Et puis mars, on prépare pâques, les crabes se cachent dans leur trou, la chasse est ouverte, dans les sous-bois la terre chuchote dans un cliquetis de pinces et de mandibules affolées, on va déguster le matoutou sur n’ importe quelle plage avec la glacière pleine à craquer et les copains autour et la famille aussi…

Une fois les cloches de Pâques remballées, on attaque les choses sérieuses. Le mois de mai est celui de la gravité, la disparition d’une capitale et de tous ses habitants en une nuit, une seule, ce n’est pas un ours qui danse comme dirait Césaire , la révolte des  esclaves avant l’arrivée de l’acte d’abolition ce n’est pas un ours qui danse, oh non !

Et les flambeaux traversent l’île de part en part, les drapeaux se dressent et bien évidemment ils ne sont pas bleu-blanc-rouge.  Et  toute cette histoire si lourde se raconte avec le gosier enflammé du rhum, du bonheur du fruit à pain, de la morue salée et de la chaleur des bras qui s’attrapent et se confortent. On est là, toujours là, rien ne nous a détruit, rien ne nous détruira.

Ensuite juillet on sort les vélos; les cyclistes viennent de partout pour attaquer Galochat, le morne impitoyable. Le  tour de la Martinique est une grande fête. 

Plus grande encore, et là on est en Août , est la fête du tour des yoles : ces invraisemblables bateaux sans quilles que les hommes et les femmes mènent à bois dressés et force de bras et de corps pour compenser la voilure qui fait rugir le vent.

Ensuite vient le temps des cyclones, de la colère des cieux et du tonnerre de Dieu.
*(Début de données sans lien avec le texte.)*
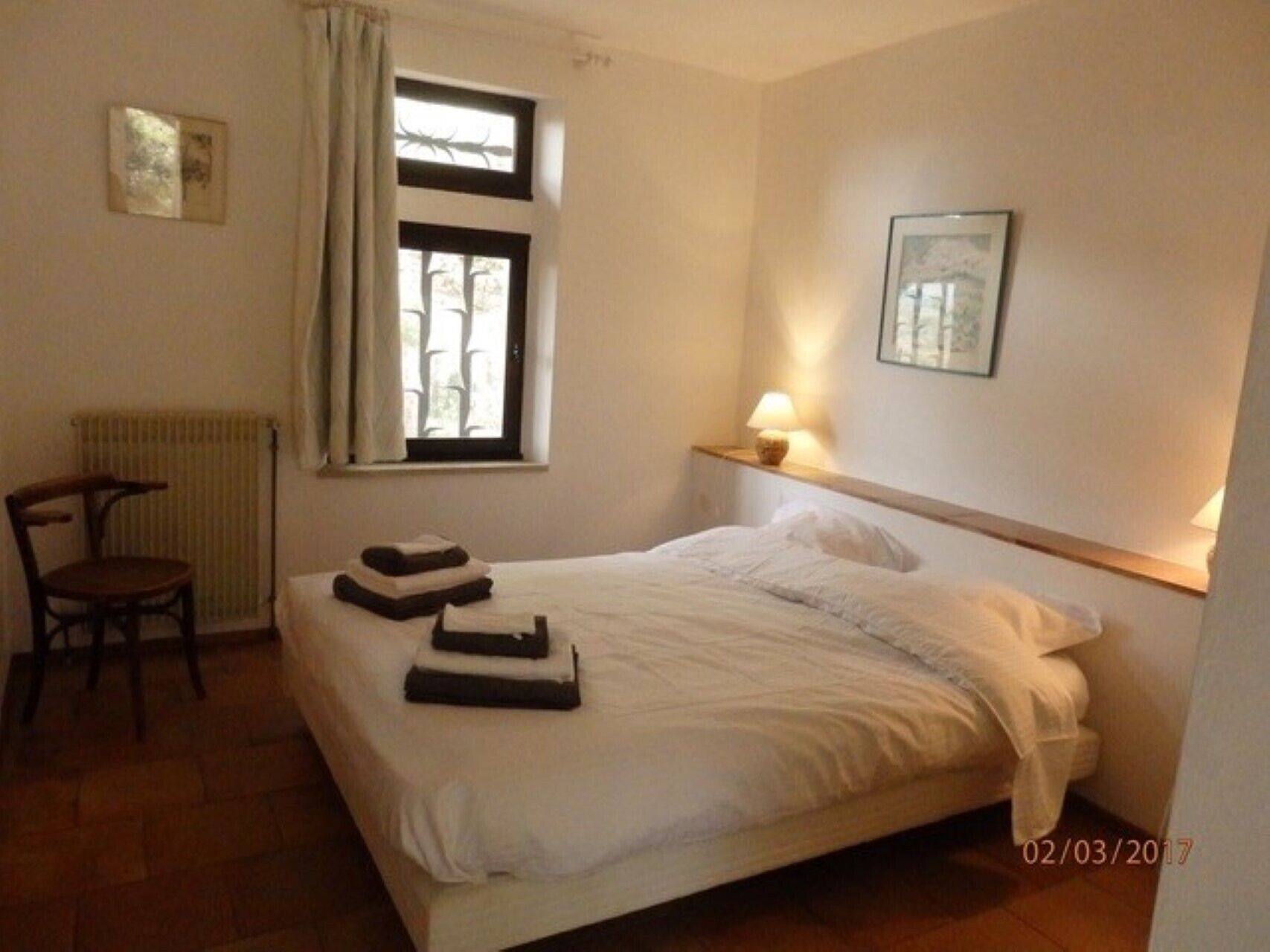 A neatly made bed with folded towels, a chair, a radiator, and a window with curtains.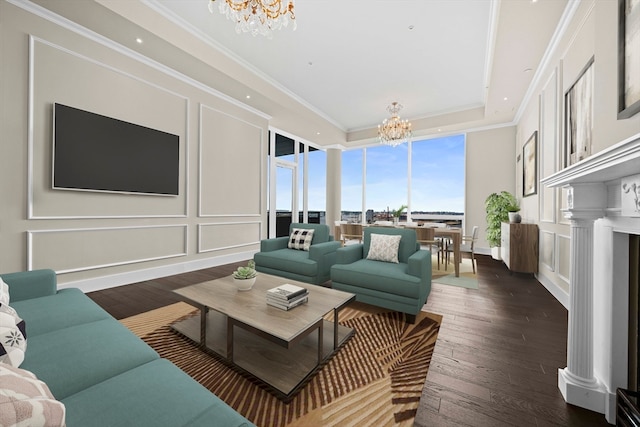 living room featuring dark hardwood / wood-style flooring, a notable chandelier, ornamental molding, and decorative columns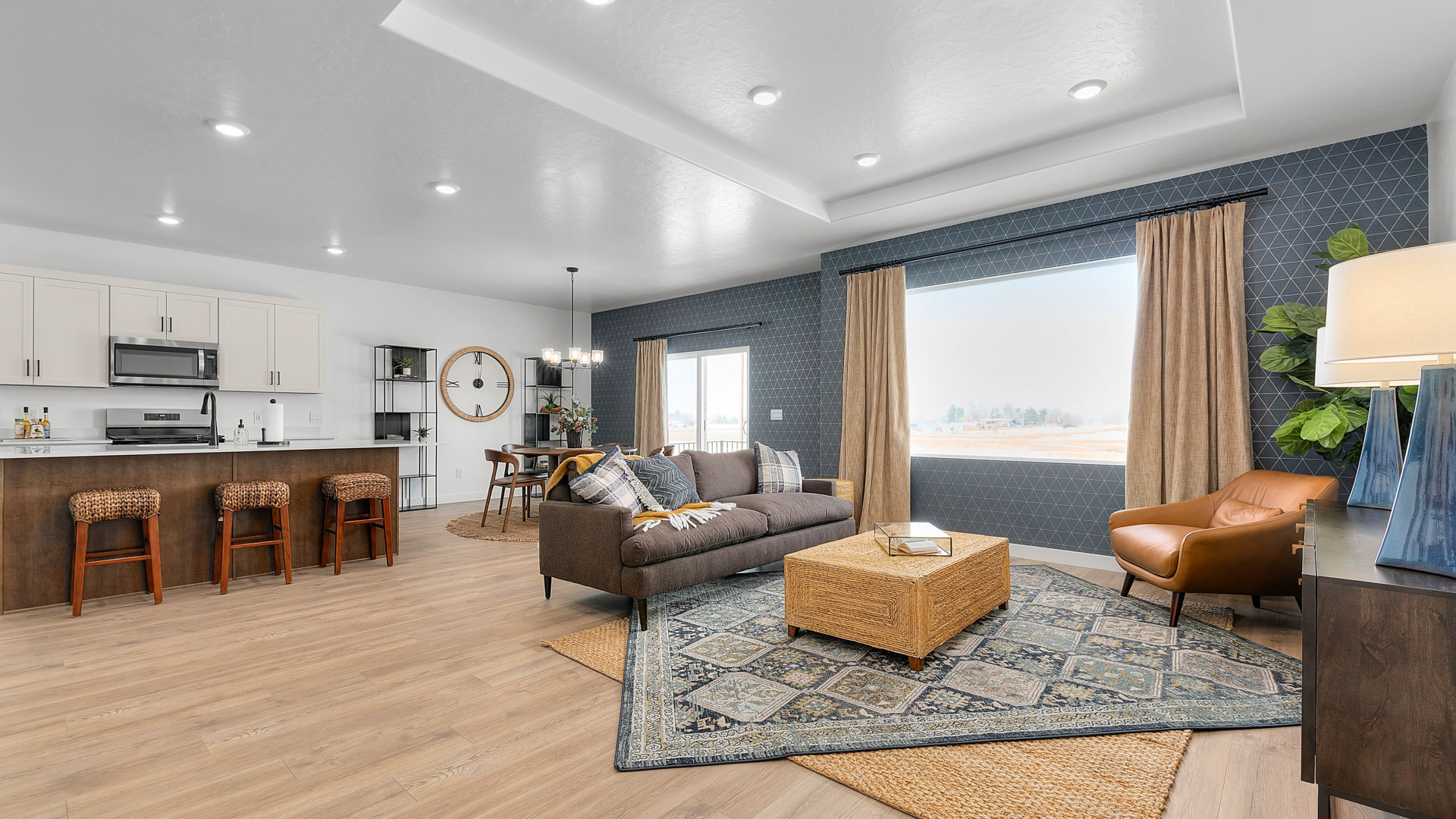 Living room with large window and recessed ceiling with canned lights.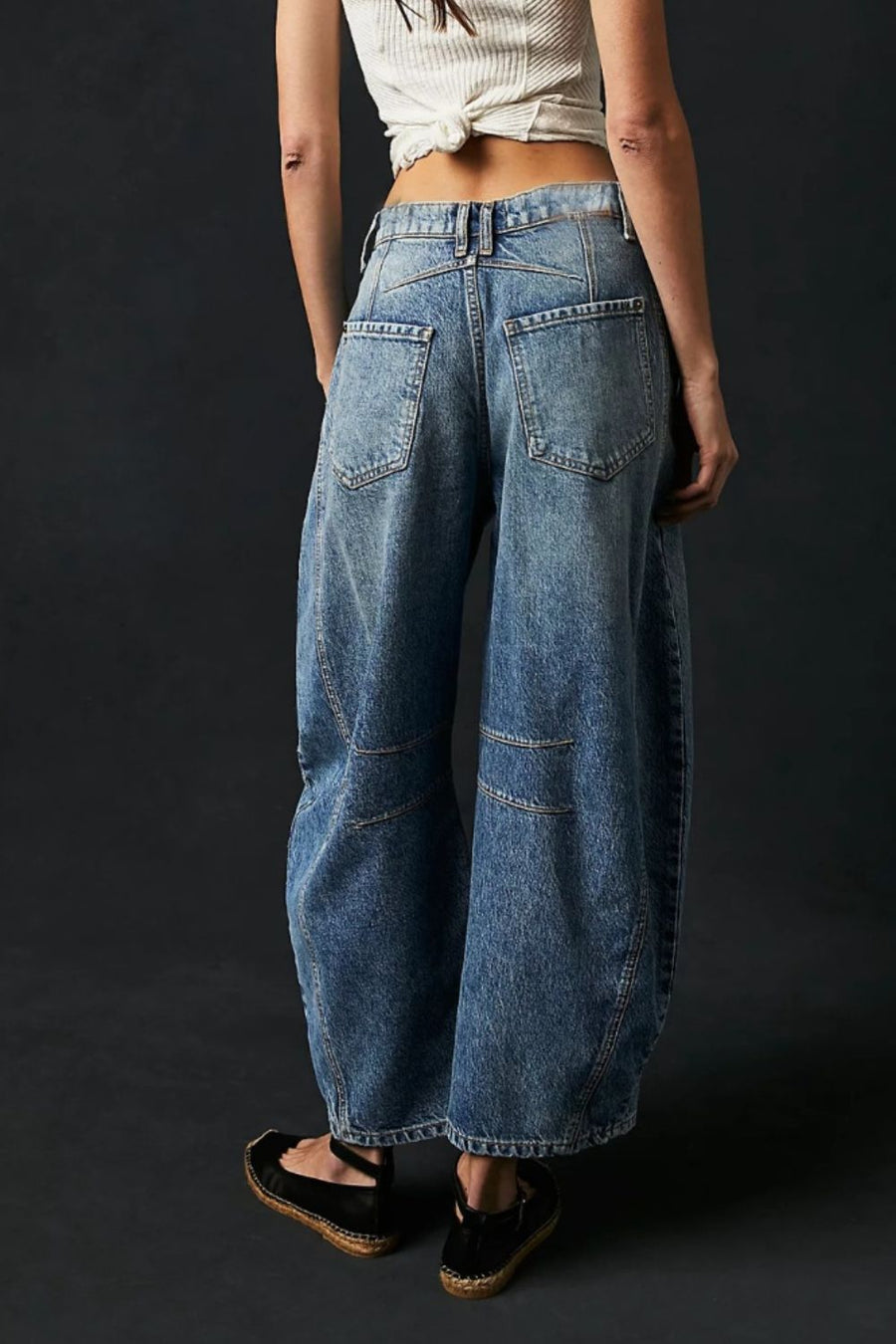 Light blue denim barrel leg jeans with paneled detail and button closure.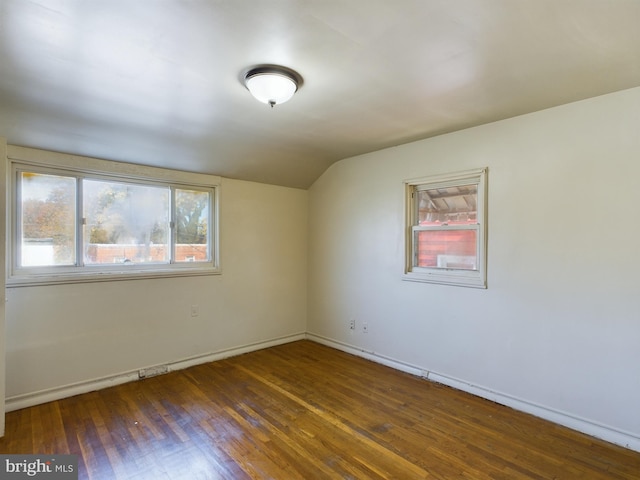 unfurnished room featuring dark hardwood / wood-style flooring and lofted ceiling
Bon  et puis après ?

Et bien après , on recommence. 

Et bien faibles sont les esprits chagrins qui pensent que nous ne sommes que des fêtards en attente du prochain pétard. 

Faibles, faibles d’esprit de qualifier nos rituels profonds qui signent notre rapport à la vie, de superficialités immatures ! 

Rien compris, pauvres âmes étriquées. 

Nous traquons la beauté avec un geste ample vers l’univers oui, oui !

Alors quand au bout d’une année d’interdiction de tout cela, d’empêchement ou cette qualité de vie que la nature nous propose mais que nous avons inventée pour créer des solidarités éphémères , quand on se retrouve au bout de cette année sans notre apparat , notre cérémonial de vie, notre chemin de pas.   Que croyez-vous qui arrive, sinon l’ extrême lucidité et la nudité de nos petites et grandes misères. 

Le covid aura été le révélateur inutile d’une réalité que nous avions su transformer,  c’est pour cela qu’il est l’ennemi à abattre,  l’ennemi numéro 1.  

Il ne reste que la vérité à poil et, franchement la lucidité n’a jamais favorisé le rêve, or nous humains et nous martiniquais, comme les autres, nous avons besoin du rêve.  

Les plus démunis se voient dans ce nouveau miroir et n’aperçoivent que leurs loques .

 Moins pauvres, mais tout aussi misérables  d’autres contemplent une sorte de déchéance morale porteuse de déprime. 

Aux plus à l’aise, le miroir renvoie comme une boule amère: le mépris du regard de l’autre. 

Et on danse ?

Comment elle est la vie sans ce dialogue sacré que nous avons installé avec elle ?

Sans nos rituels nous sommes déshabillés face à notre colère, nous sommes déshabillés face à nos misères, à l’injustice, face à la peur, face à la mort alors nous tentons une dernière posture.  Hors de toute raison nous mélangeons tous les raisins de nos colères, quitte à nous détruire nous-mêmes !  Jusqu’au sursaut de survie , car nous ne sommes pas candidats au suicide. 

En fait nous sommes tous là, attendant que la vie nous soit rendue, sans entendre qu’elle nous dit : 

  • Prends moi. 
  • Tant que tu respires tu peux tout inventer, tout commencer, tout aimer et jeter les oripeaux aux quatre coins de la folie.  

Nous avons à construire un autre modèle économique,

nous avons à valoriser nos rituels qui sont l’essence même de notre conversation avec le reste du monde. 

Nous  avons à être nous, sans avoir besoin de regarder dans l’assiette du voisin. 

Nous avons à partager la responsabilité de ce qui nous arrive aujourd’hui,  pour dire oui à demain ensemble. 

Je ne sais pas, mais je crois que nous le devons à nos ancêtres , mais plus encore nous le devons à nos enfants.